DETERMINATION OF THE SOURCES OF CARBONACEOUS ARCTIC AEROSOLS. Steven R. Biegalski, NIST, Chemistry, Room B162, Gaithersburg, MD 20899, phone: 301-975-3138, fax: 301-216-1134, e-mail:

Both natural and anthropogenic combustion processes result in the introduction of aerosol particles to the atmosphere. These combustion aerosols have the potential to greatly affect human health, visibility, and global change. It is necessary to study the anthropogenic components of the atmosphere so that they may be delineated from the natural components, and so that their sources may be determined. Reliable scientific data on anthropogenic emissions are crucial for the institution of applicable policies and the regulation of man-made emissions. Recent work at the National Institute of Standards and Technology (NIST) has focused on the analysis of carbonaceous particles found in the Arctic aerosol, snow, and ice. Goals of the work include measurements of elemental carbon, organic carbon, total carbon, 12C, 13C, 14C, and other properties of the particles which may aid in identification of their respective sources.

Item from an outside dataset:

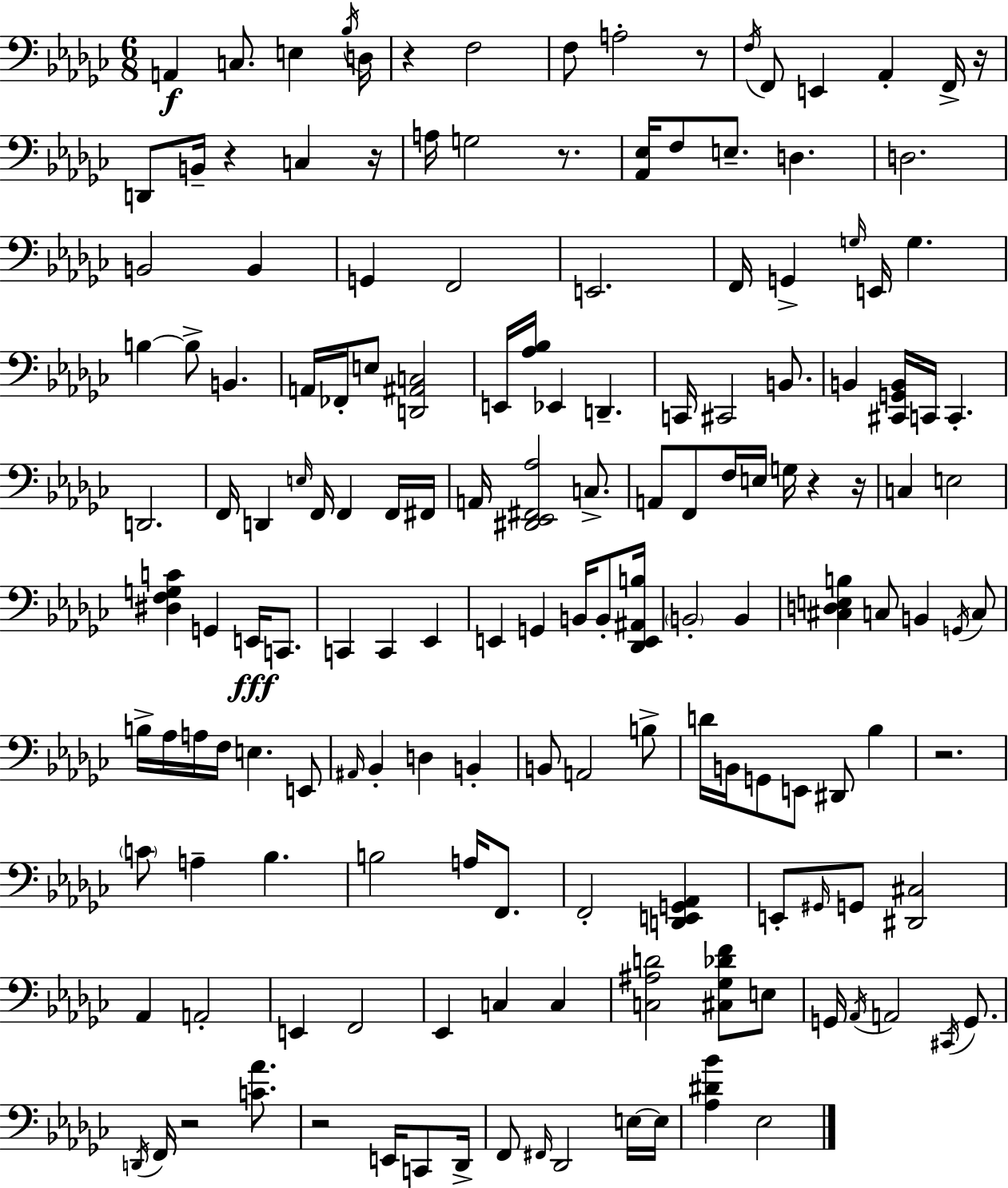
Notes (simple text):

A2/q C3/e. E3/q Bb3/s D3/s R/q F3/h F3/e A3/h R/e F3/s F2/e E2/q Ab2/q F2/s R/s D2/e B2/s R/q C3/q R/s A3/s G3/h R/e. [Ab2,Eb3]/s F3/e E3/e. D3/q. D3/h. B2/h B2/q G2/q F2/h E2/h. F2/s G2/q G3/s E2/s G3/q. B3/q B3/e B2/q. A2/s FES2/s E3/e [D2,A#2,C3]/h E2/s [Ab3,Bb3]/s Eb2/q D2/q. C2/s C#2/h B2/e. B2/q [C#2,G2,B2]/s C2/s C2/q. D2/h. F2/s D2/q E3/s F2/s F2/q F2/s F#2/s A2/s [D#2,Eb2,F#2,Ab3]/h C3/e. A2/e F2/e F3/s E3/s G3/s R/q R/s C3/q E3/h [D#3,F3,G3,C4]/q G2/q E2/s C2/e. C2/q C2/q Eb2/q E2/q G2/q B2/s B2/e [Db2,E2,A#2,B3]/s B2/h B2/q [C#3,D3,E3,B3]/q C3/e B2/q G2/s C3/e B3/s Ab3/s A3/s F3/s E3/q. E2/e A#2/s Bb2/q D3/q B2/q B2/e A2/h B3/e D4/s B2/s G2/e E2/e D#2/e Bb3/q R/h. C4/e A3/q Bb3/q. B3/h A3/s F2/e. F2/h [D2,E2,G2,Ab2]/q E2/e G#2/s G2/e [D#2,C#3]/h Ab2/q A2/h E2/q F2/h Eb2/q C3/q C3/q [C3,A#3,D4]/h [C#3,Gb3,Db4,F4]/e E3/e G2/s Ab2/s A2/h C#2/s G2/e. D2/s F2/s R/h [C4,Ab4]/e. R/h E2/s C2/e Db2/s F2/e F#2/s Db2/h E3/s E3/s [Ab3,D#4,Bb4]/q Eb3/h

The very low particulate concentrations in the Arctic make these measurements a challenge. The measurement of the carbon concentrations utilize a suite of analytical methods. Total carbon determinations are made via coulometry, manometry, and with a CHN analyzer. In order to separately determine organic from elemental carbon, pre-analysis steps have been investigated which separate organic from elemental carbon. Accelerator mass spectrometry (AMS) is used for the determination of carbon isotopes.